September 29, 2016 - 2:01 pm
Even as he expresses affection, Jason Egan can’t help but project the macabre.
“I love what I do,” says the founder of Fright Dome at Circus Circus. “I love it to death.”
This, from a man who owns a river’s worth of fake blood and an assortment of saws.
Celebrating its 14th year on the Strip, Egan’s vast and ghastly attraction opens Friday and runs through Halloween. The 38-year-old visionary has again developed an impressively gruesome partnership, with one of Fright Dome’s haunted houses based on the “Five Nights at Freddy’s” series of video games.
The house follows the game’s plot of a “Chuck E. Cheese gone bad,” as Egan describes.
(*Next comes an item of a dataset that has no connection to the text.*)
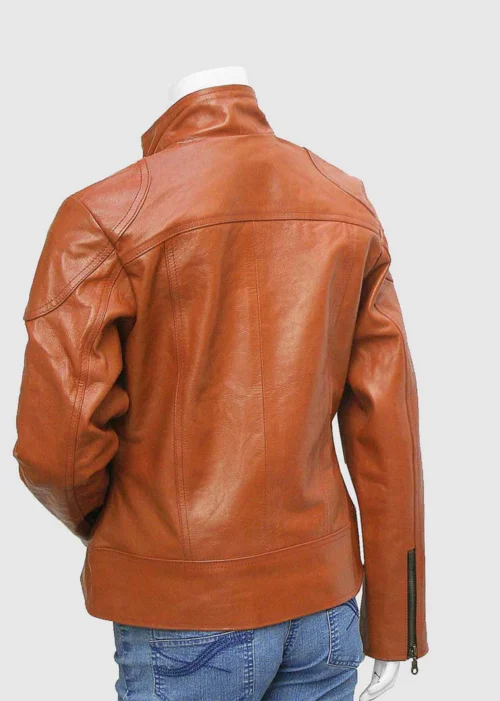 Women's Tan Vintage Leather Jacket back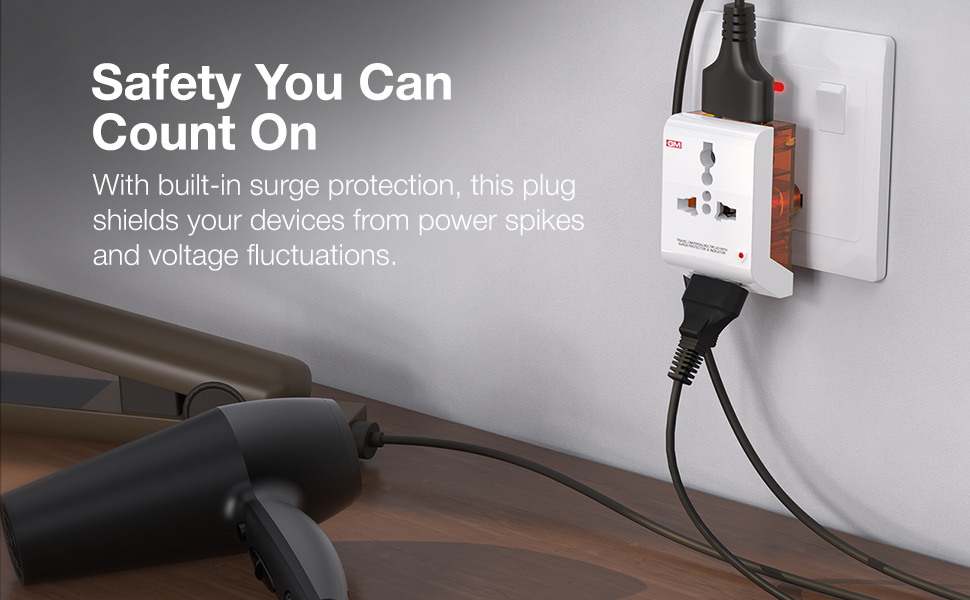 GM 6AMP 2-Pin Multi Plug Adapter | Universal Travel Adapter | Supports 2-Pin & 3-Pin Plugs | Multiple Charging Ports | Charge Smartphones, Laptops & Other Devices | Compact & Reliable | GM 3011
The animatronic characters spring to life and descend on the player — or haunted house visitor — who is trapped in an office, watching as the creatures lurch forward. The guests can lock the door and shut down the lights, but only until the office security system runs out of battery life.
Also new to Fright Dome is the Krampus’ Not So Silent Night haunted house, a collaboration between Egan and Gary Tunnicliffe. The master special-effects artist has worked with Egan on past Fright Dome houses based on Tunnicliffe’s films “Hellraiser,” “Halloween,” “Blade” and “Scream.”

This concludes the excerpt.